_TASK TO COMPLETE_
What is needed is an exact repetition of the lines below, from the first one through the one holding "Kệ TV Gỗ Nâu", with no pictures and nothing else.

──────── DATA FOR THIS TASK ────────

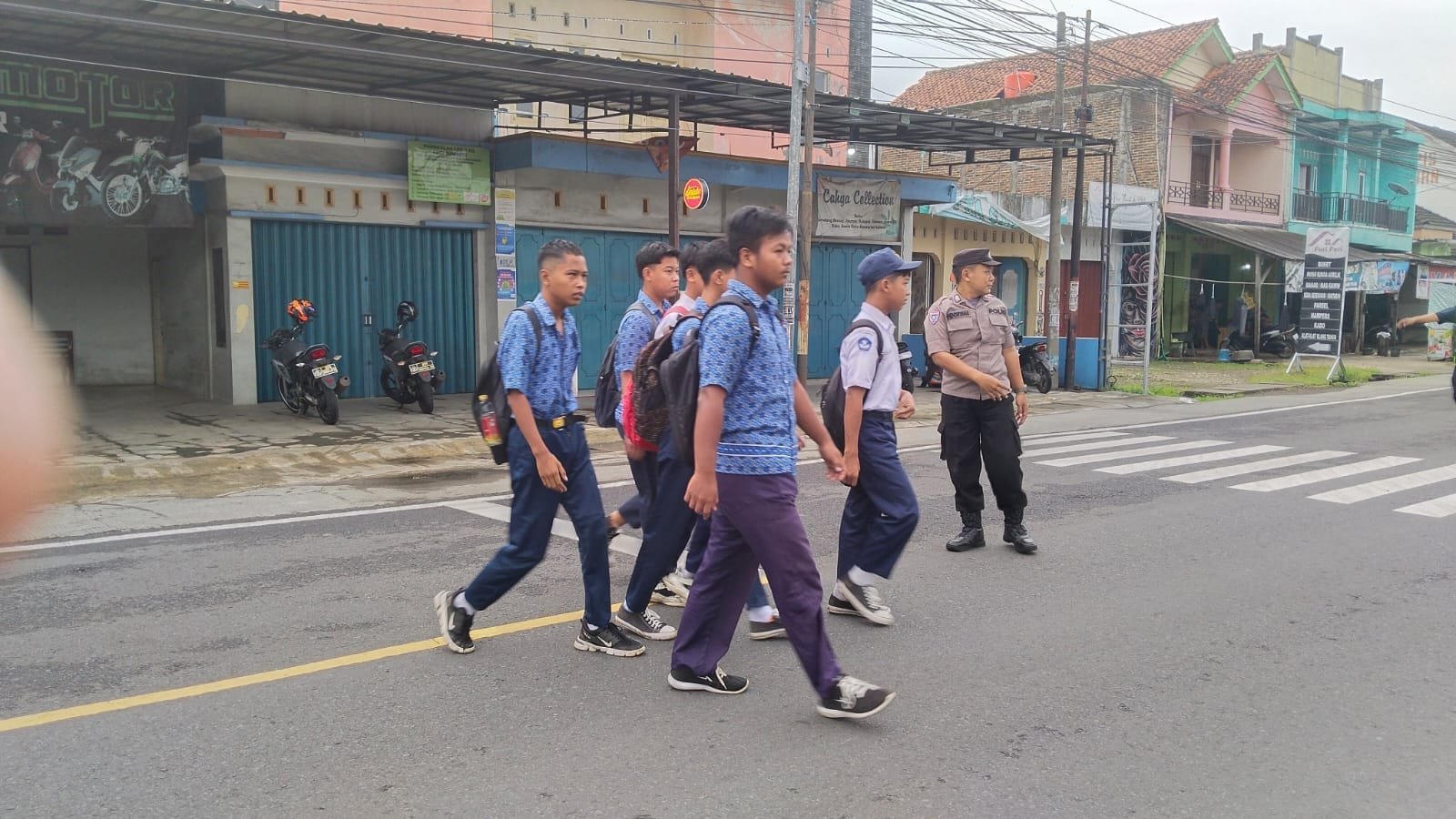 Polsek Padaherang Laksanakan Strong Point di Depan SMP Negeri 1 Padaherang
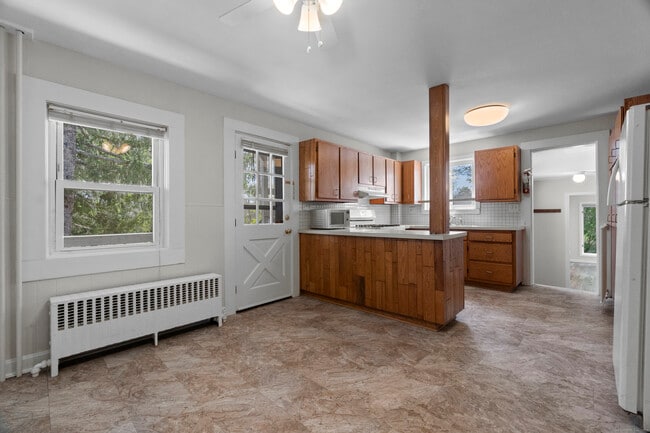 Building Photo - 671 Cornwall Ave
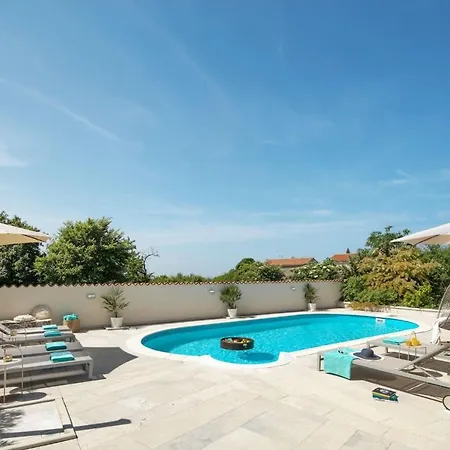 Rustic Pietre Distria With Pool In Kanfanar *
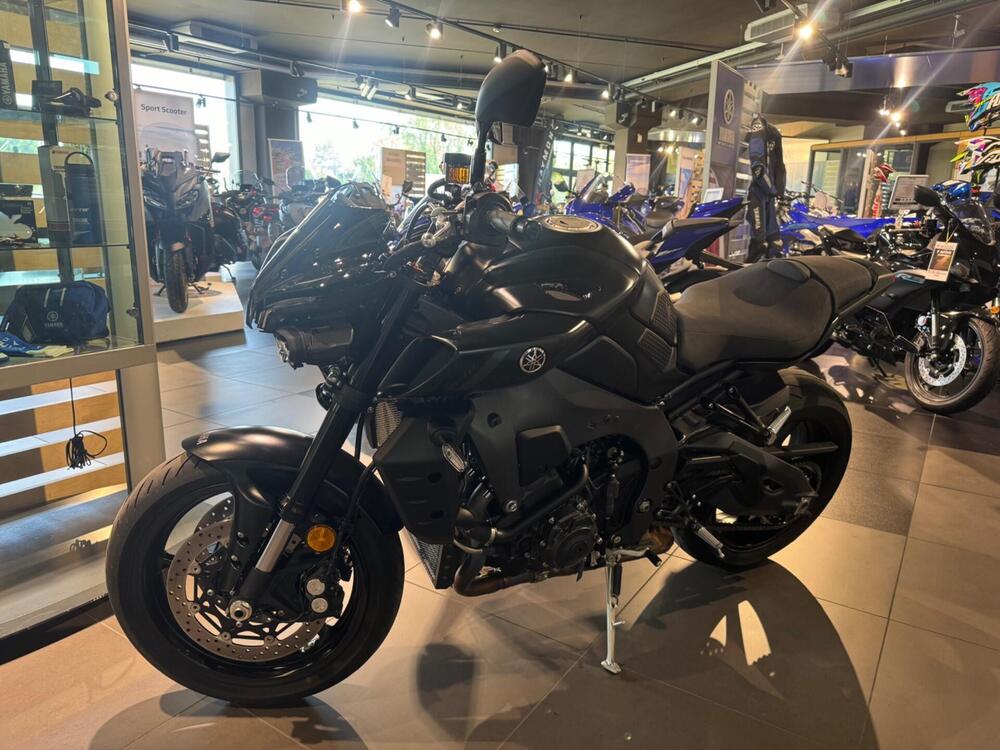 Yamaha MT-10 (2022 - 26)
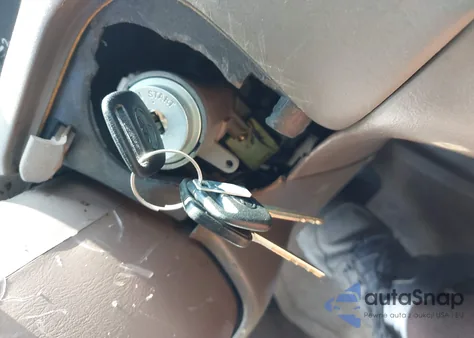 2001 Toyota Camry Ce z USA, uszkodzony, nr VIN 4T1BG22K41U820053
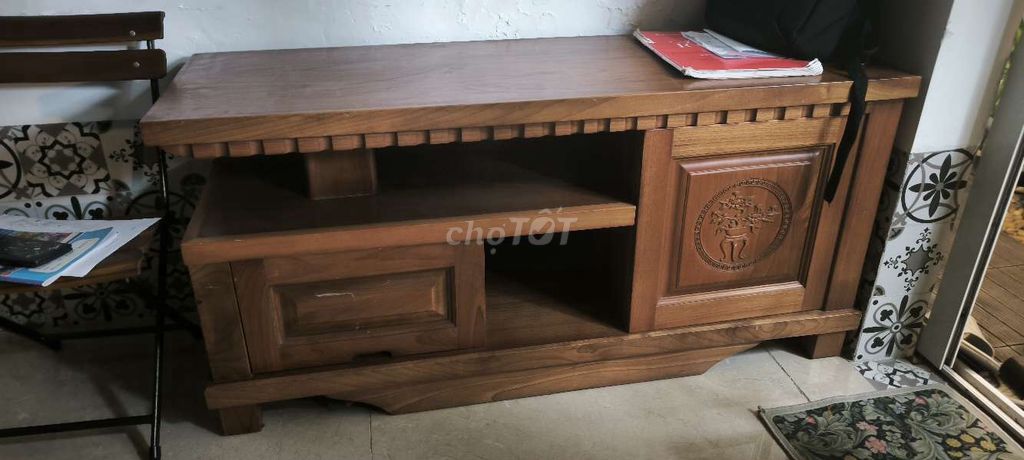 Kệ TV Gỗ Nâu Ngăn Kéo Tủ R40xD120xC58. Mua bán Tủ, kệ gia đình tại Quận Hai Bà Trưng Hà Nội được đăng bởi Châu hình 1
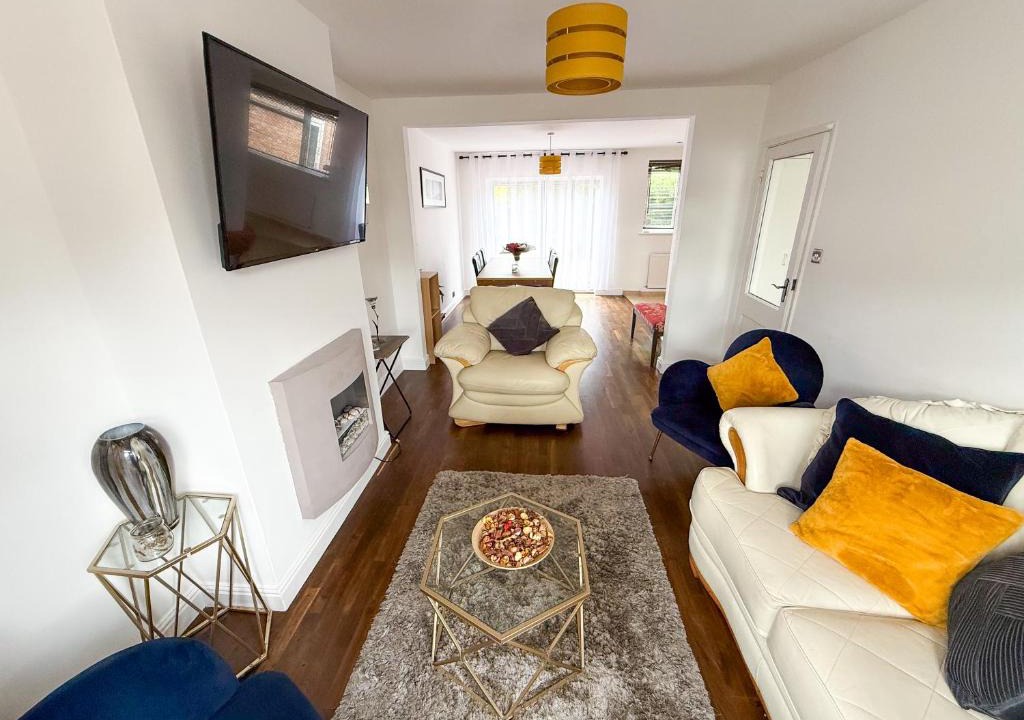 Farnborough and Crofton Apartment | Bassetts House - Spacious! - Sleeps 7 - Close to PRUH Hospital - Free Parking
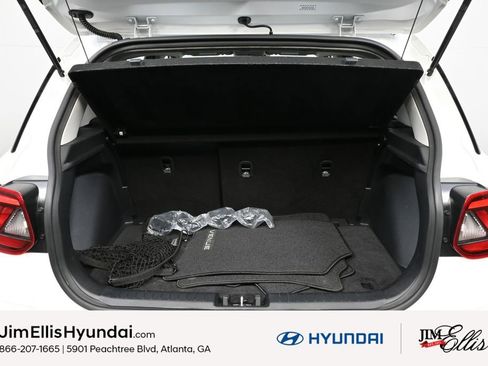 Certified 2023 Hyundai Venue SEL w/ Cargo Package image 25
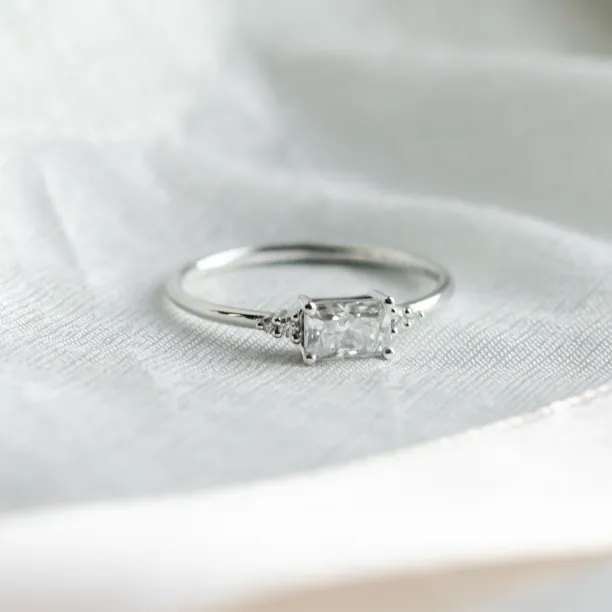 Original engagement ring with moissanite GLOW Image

────────

_SOLUTION FOR THIS EXERCISE_
 Polsek Padaherang Laksanakan Strong Point di Depan SMP Negeri 1 Padaherang
 Building Photo - 671 Cornwall Ave
 Rustic Pietre Distria With Pool In Kanfanar *
 Yamaha MT-10 (2022 - 26)
 2001 Toyota Camry Ce z USA, uszkodzony, nr VIN 4T1BG22K41U820053
 Kệ TV Gỗ Nâu Ngăn Kéo Tủ R40xD120xC58. Mua bán Tủ, kệ gia đình tại Quận Hai Bà Trưng Hà Nội được đăng bởi Châu hình 1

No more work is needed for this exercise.